Exercise instructions – The goal here is an exact copy of the entries below, without their pictures.

(Data entries)
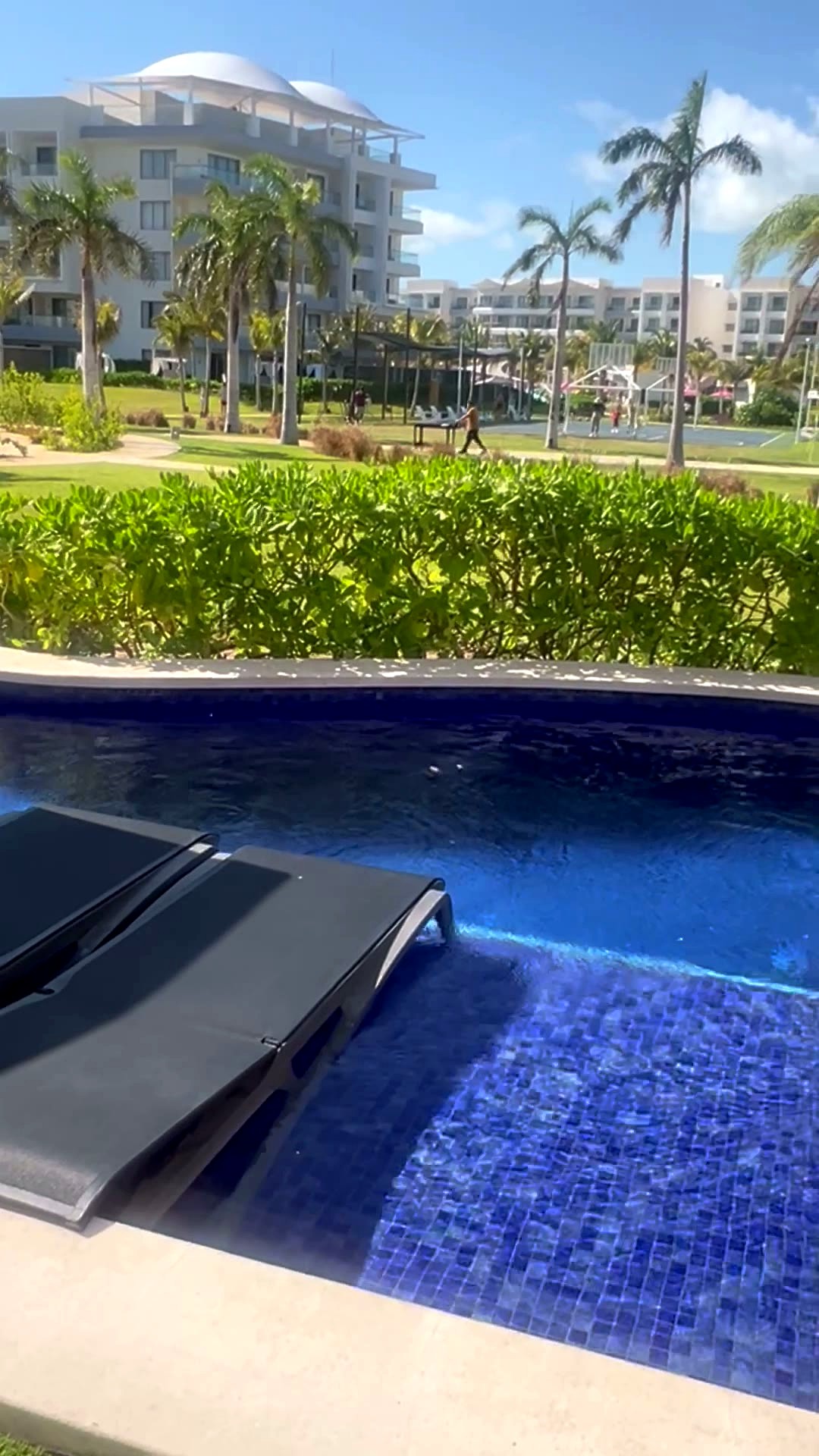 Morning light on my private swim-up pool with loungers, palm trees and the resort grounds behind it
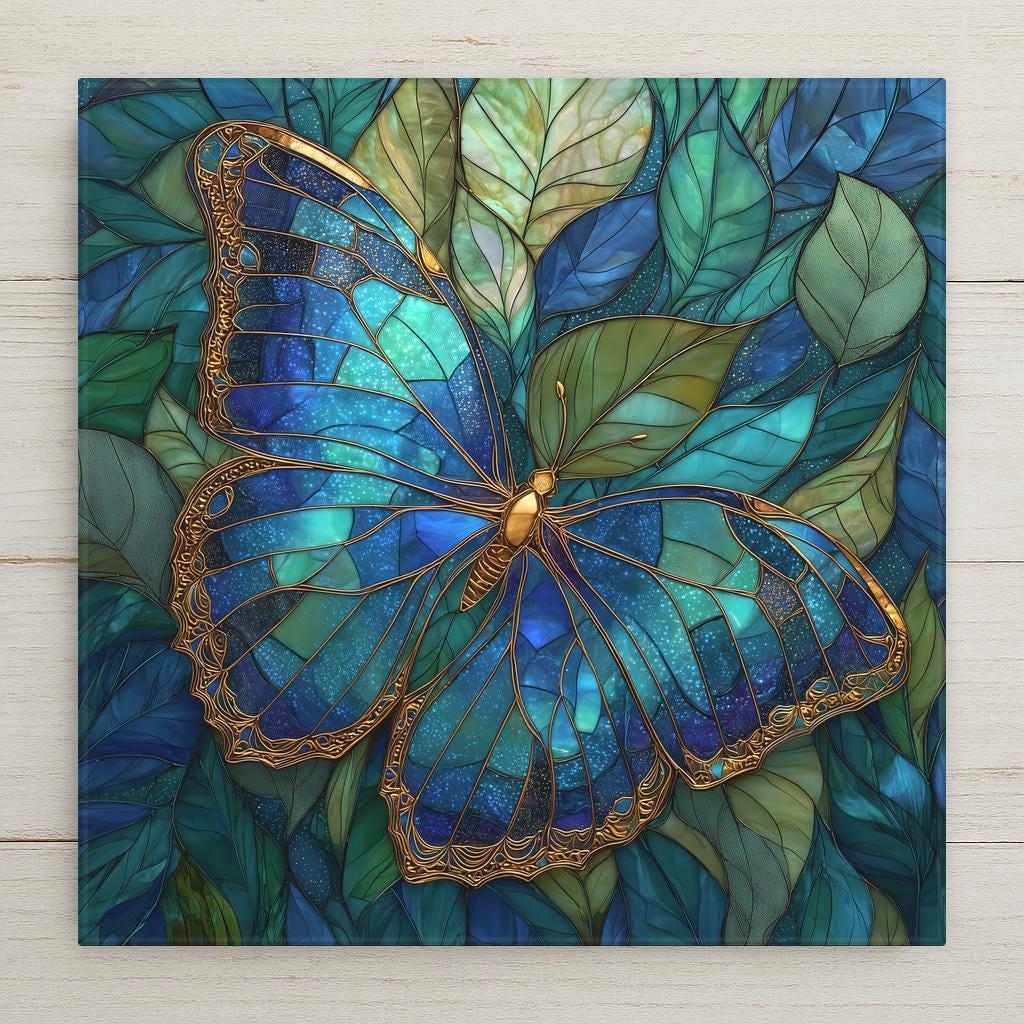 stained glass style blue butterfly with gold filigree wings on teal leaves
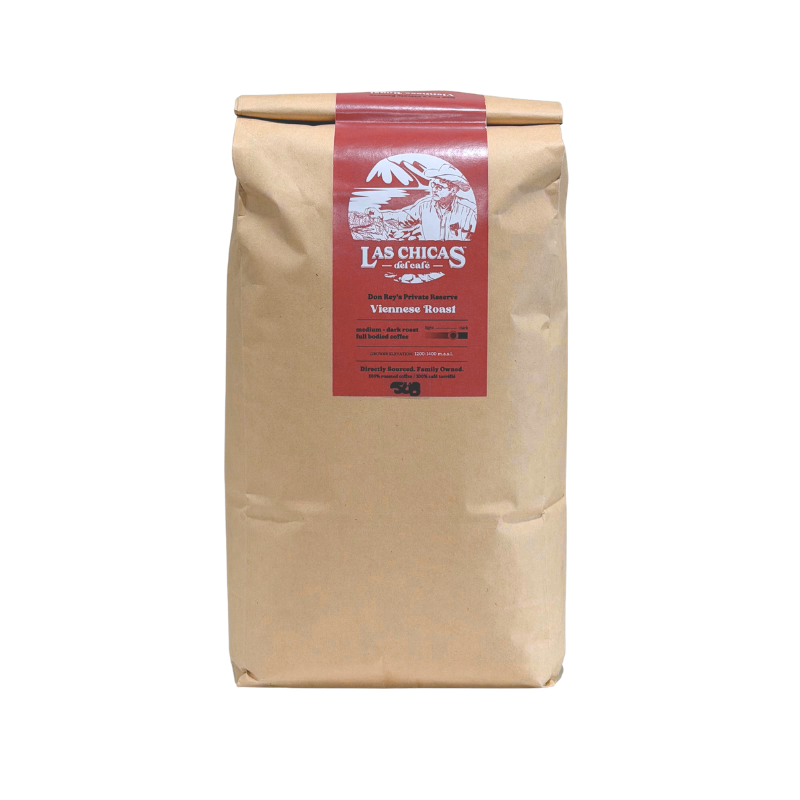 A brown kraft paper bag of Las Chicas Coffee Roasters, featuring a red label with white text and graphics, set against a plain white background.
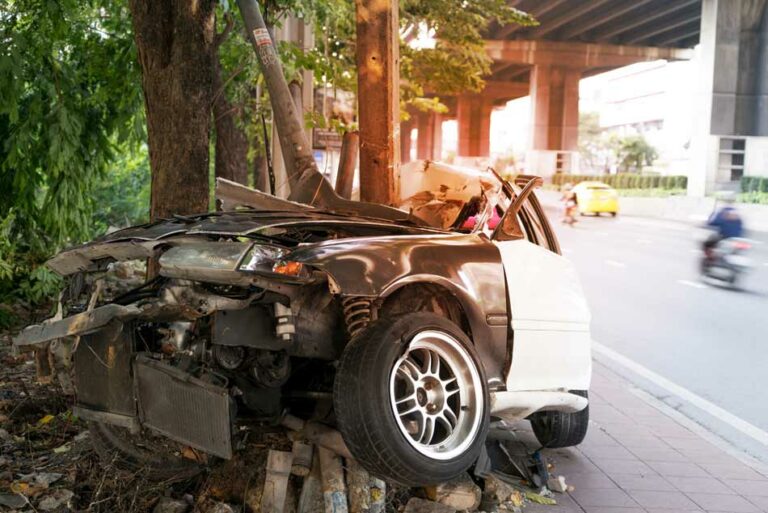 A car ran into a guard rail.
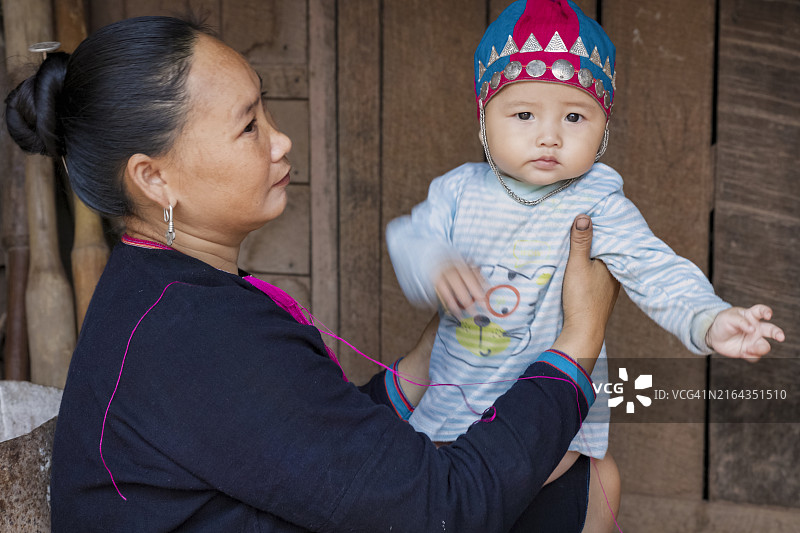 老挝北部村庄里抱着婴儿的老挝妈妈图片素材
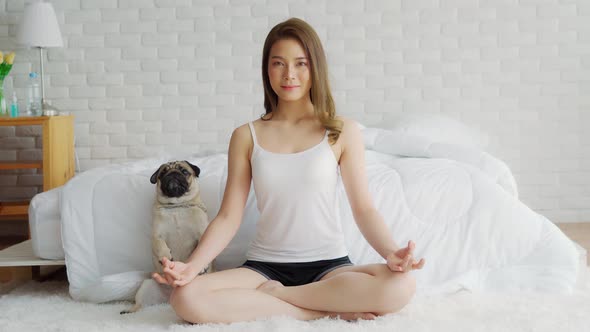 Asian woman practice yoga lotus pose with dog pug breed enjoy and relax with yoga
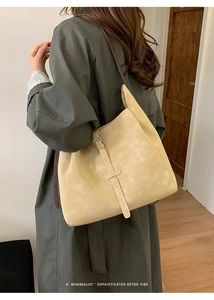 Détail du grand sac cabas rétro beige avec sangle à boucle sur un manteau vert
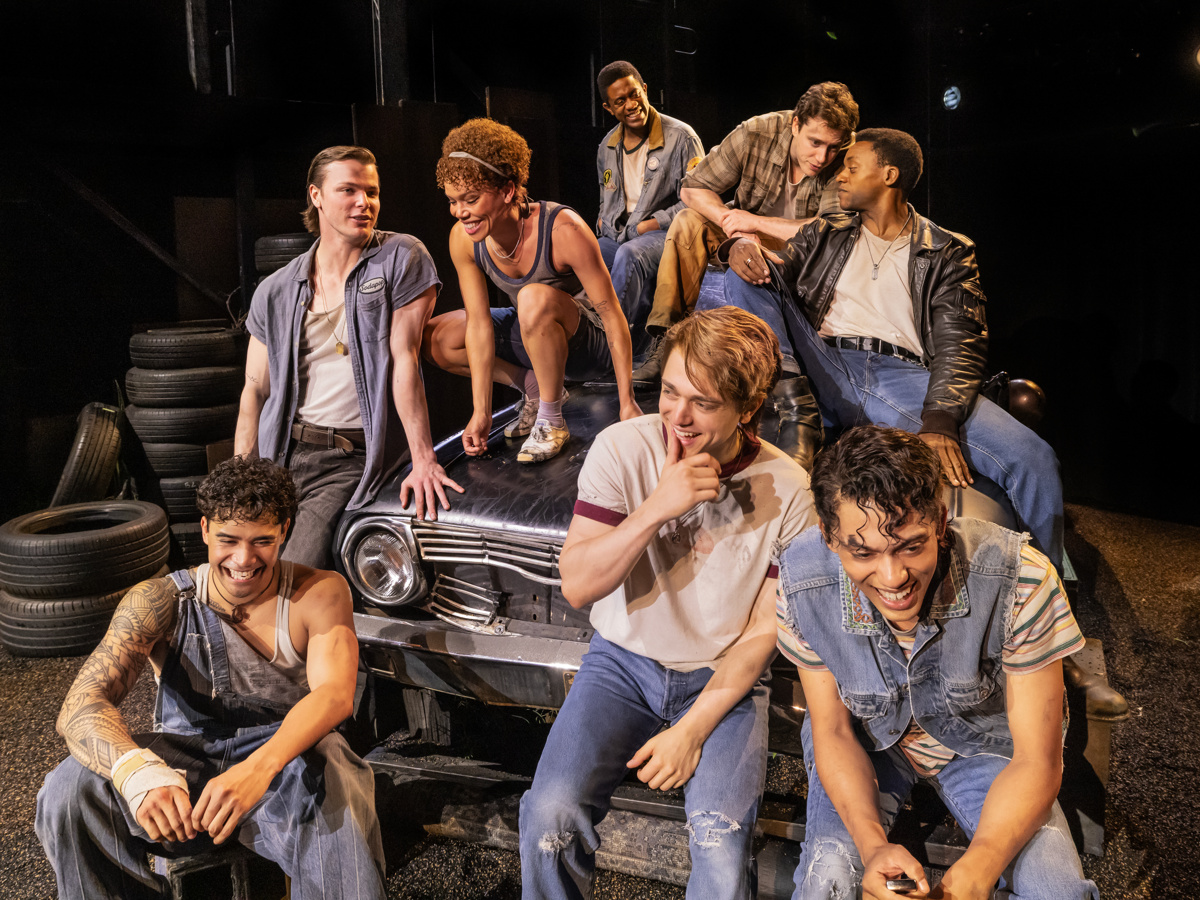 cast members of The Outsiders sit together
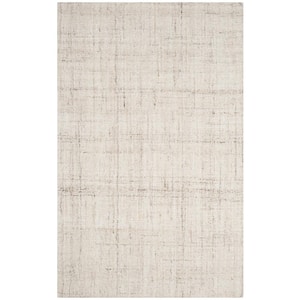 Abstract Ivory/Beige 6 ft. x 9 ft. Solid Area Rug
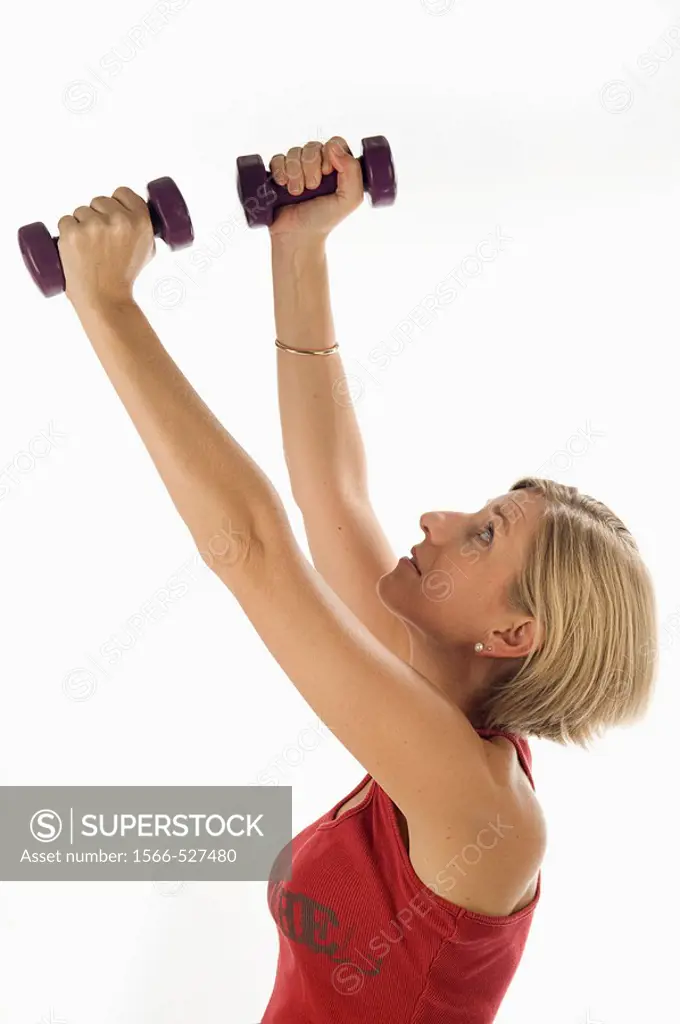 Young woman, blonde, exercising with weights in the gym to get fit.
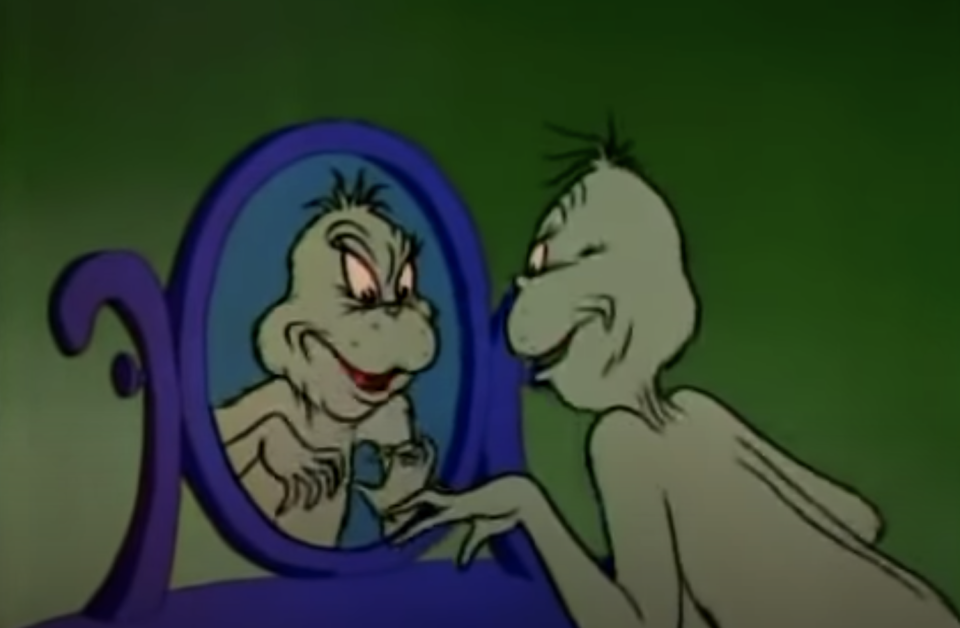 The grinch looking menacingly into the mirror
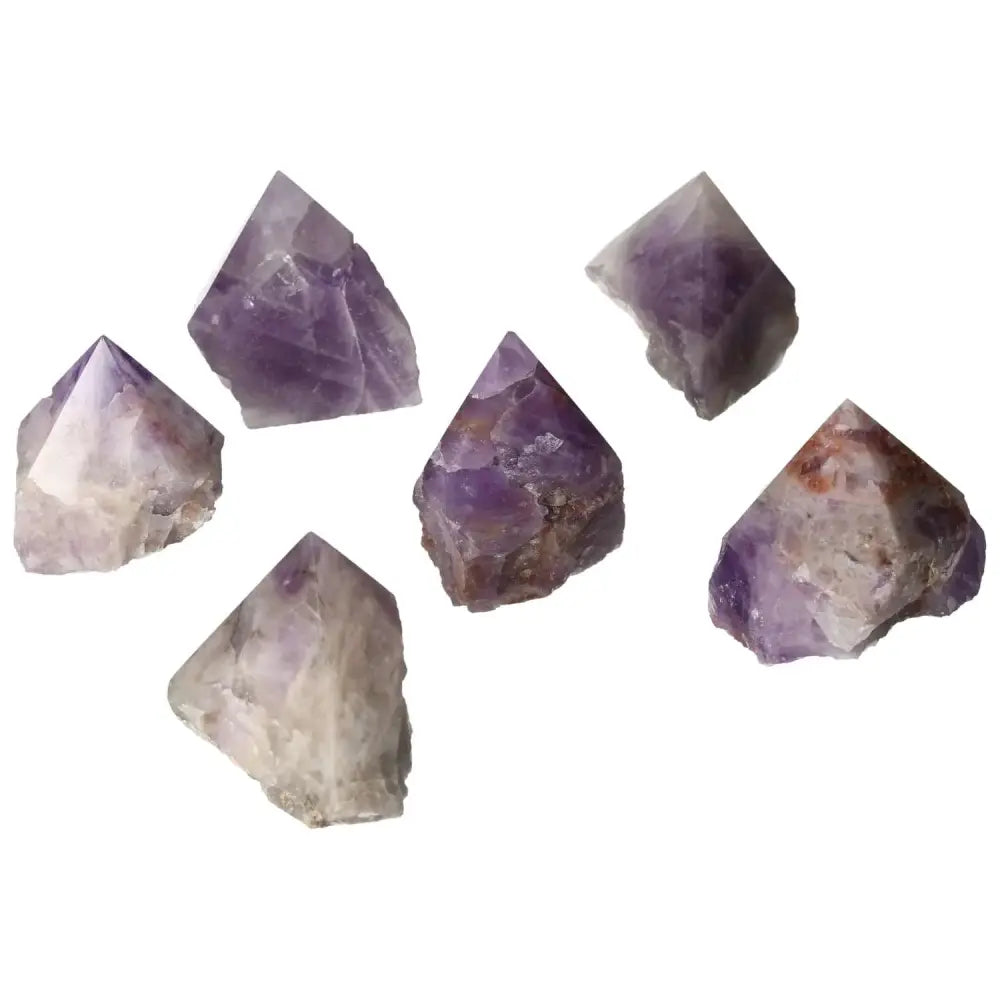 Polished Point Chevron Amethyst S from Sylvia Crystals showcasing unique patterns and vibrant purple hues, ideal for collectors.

Response to the exercise –
 Morning light on my private swim-up pool with loungers, palm trees and the resort grounds behind it
 stained glass style blue butterfly with gold filigree wings on teal leaves
 A brown kraft paper bag of Las Chicas Coffee Roasters, featuring a red label with white text and graphics, set against a plain white background.
 A car ran into a guard rail.
 老挝北部村庄里抱着婴儿的老挝妈妈图片素材
 Asian woman practice yoga lotus pose with dog pug breed enjoy and relax with yoga
 Détail du grand sac cabas rétro beige avec sangle à boucle sur un manteau vert
 cast members of The Outsiders sit together
 Abstract Ivory/Beige 6 ft. x 9 ft. Solid Area Rug
 Young woman, blonde, exercising with weights in the gym to get fit.
 The grinch looking menacingly into the mirror
 Polished Point Chevron Amethyst S from Sylvia Crystals showcasing unique patterns and vibrant purple hues, ideal for collectors.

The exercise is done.